Print every entry below exactly, leaving out the pictures.

* * *

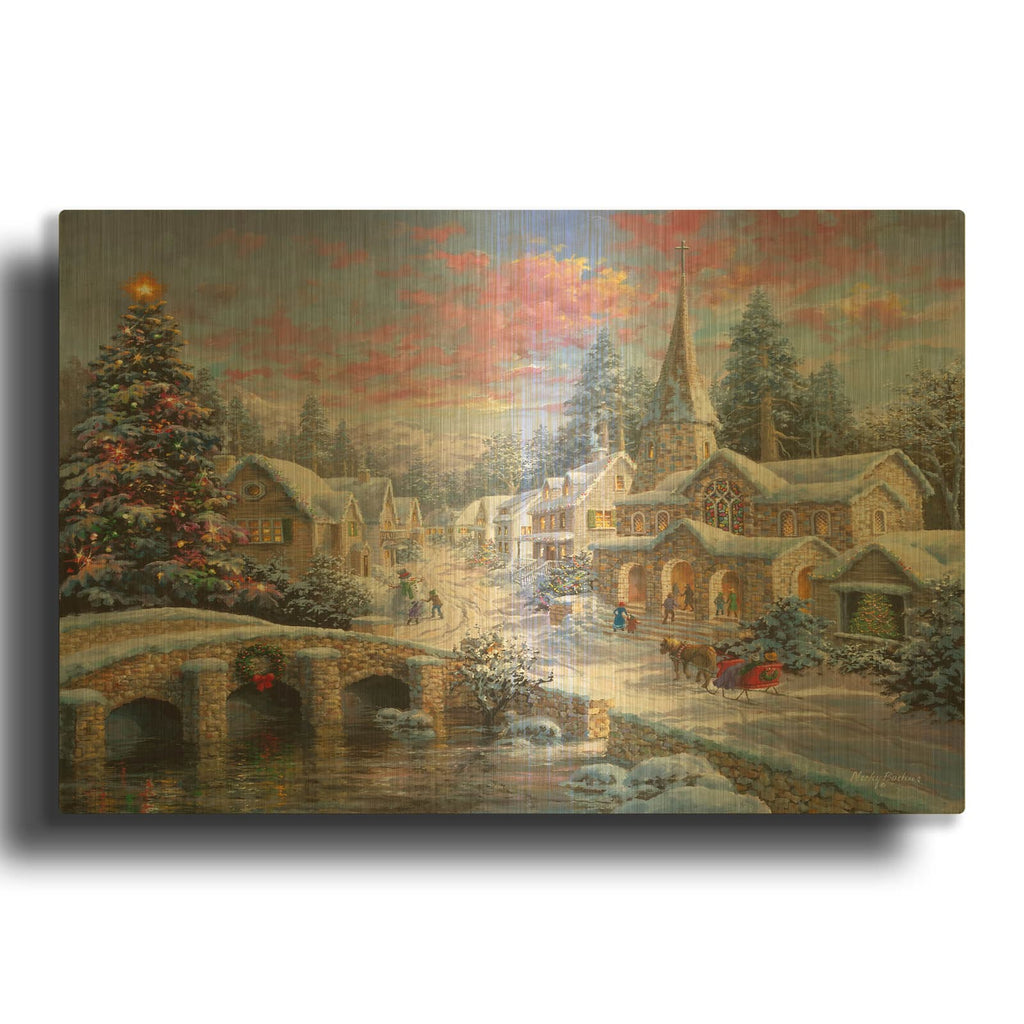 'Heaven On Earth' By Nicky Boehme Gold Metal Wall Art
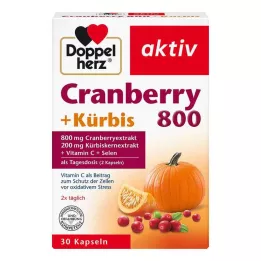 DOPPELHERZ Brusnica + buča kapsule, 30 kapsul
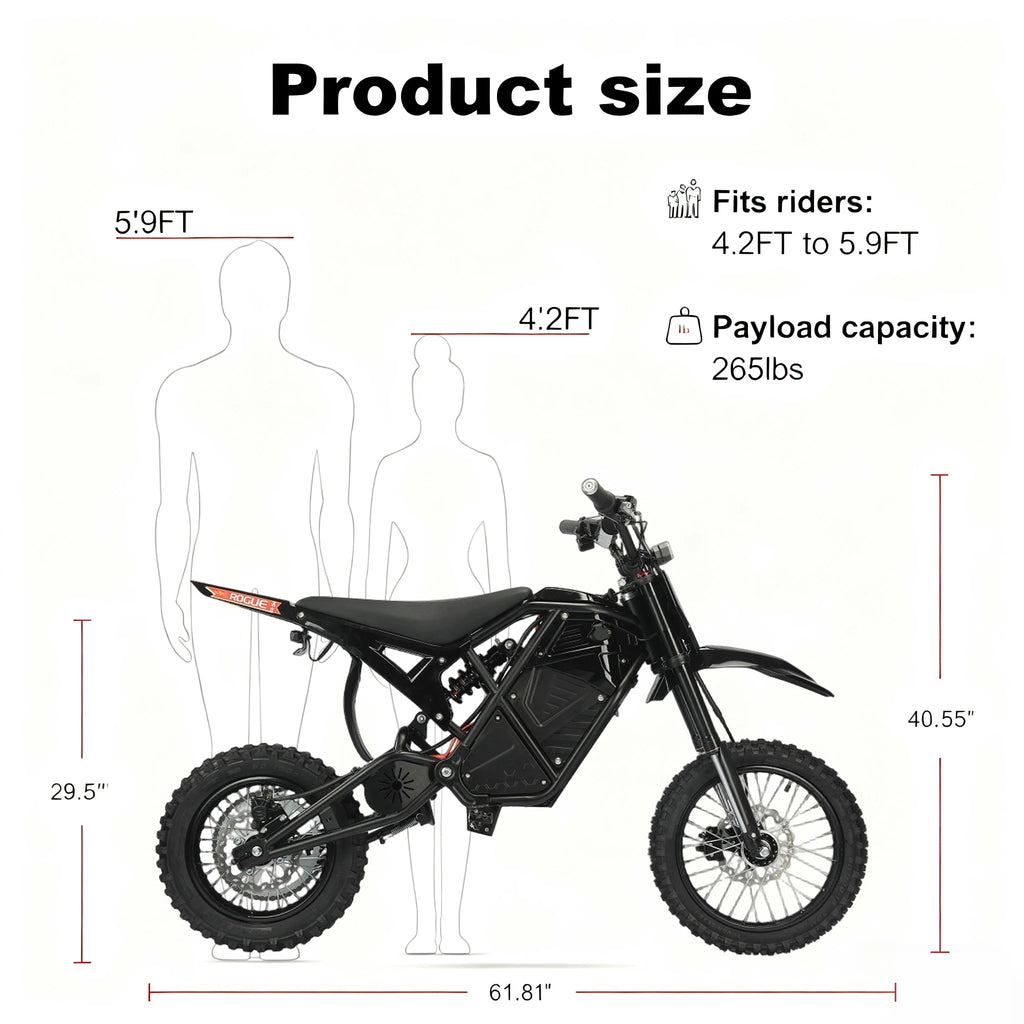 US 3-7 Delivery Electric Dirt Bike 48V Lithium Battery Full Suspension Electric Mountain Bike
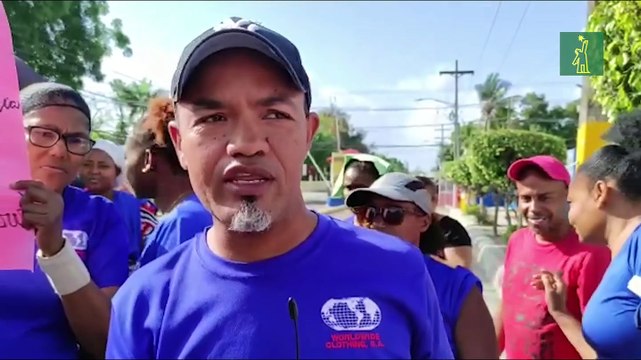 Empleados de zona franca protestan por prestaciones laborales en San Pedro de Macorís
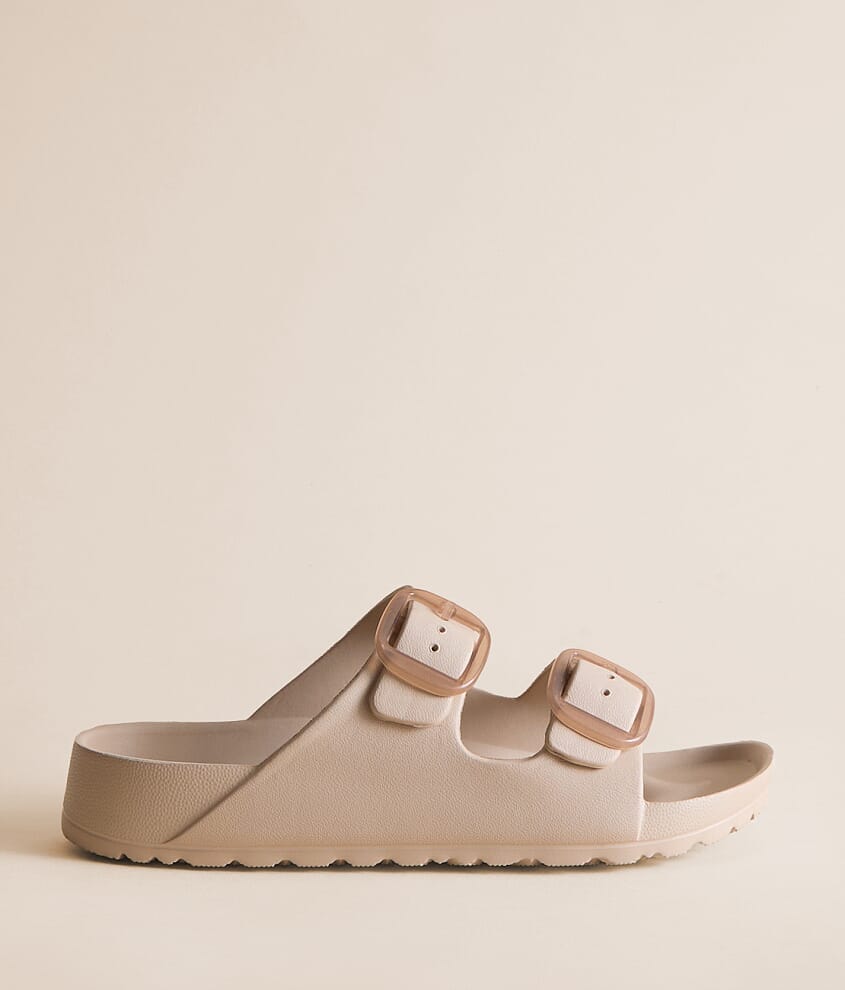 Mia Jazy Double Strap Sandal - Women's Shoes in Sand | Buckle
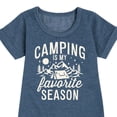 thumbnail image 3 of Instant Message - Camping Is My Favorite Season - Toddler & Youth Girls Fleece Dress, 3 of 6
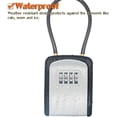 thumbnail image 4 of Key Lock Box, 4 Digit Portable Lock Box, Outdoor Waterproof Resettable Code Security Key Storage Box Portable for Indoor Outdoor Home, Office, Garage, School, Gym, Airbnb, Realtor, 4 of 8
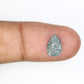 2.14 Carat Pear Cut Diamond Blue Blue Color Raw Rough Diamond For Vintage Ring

* * *

▶ Expected answer:
 'Heaven On Earth' By Nicky Boehme Gold Metal Wall Art
 DOPPELHERZ Brusnica + buča kapsule, 30 kapsul
 US 3-7 Delivery Electric Dirt Bike 48V Lithium Battery Full Suspension Electric Mountain Bike
 Empleados de zona franca protestan por prestaciones laborales en San Pedro de Macorís
 Mia Jazy Double Strap Sandal - Women's Shoes in Sand | Buckle
 thumbnail image 3 of Instant Message - Camping Is My Favorite Season - Toddler & Youth Girls Fleece Dress, 3 of 6
 thumbnail image 4 of Key Lock Box, 4 Digit Portable Lock Box, Outdoor Waterproof Resettable Code Security Key Storage Box Portable for Indoor Outdoor Home, Office, Garage, School, Gym, Airbnb, Realtor, 4 of 8
 2.14 Carat Pear Cut Diamond Blue Blue Color Raw Rough Diamond For Vintage Ring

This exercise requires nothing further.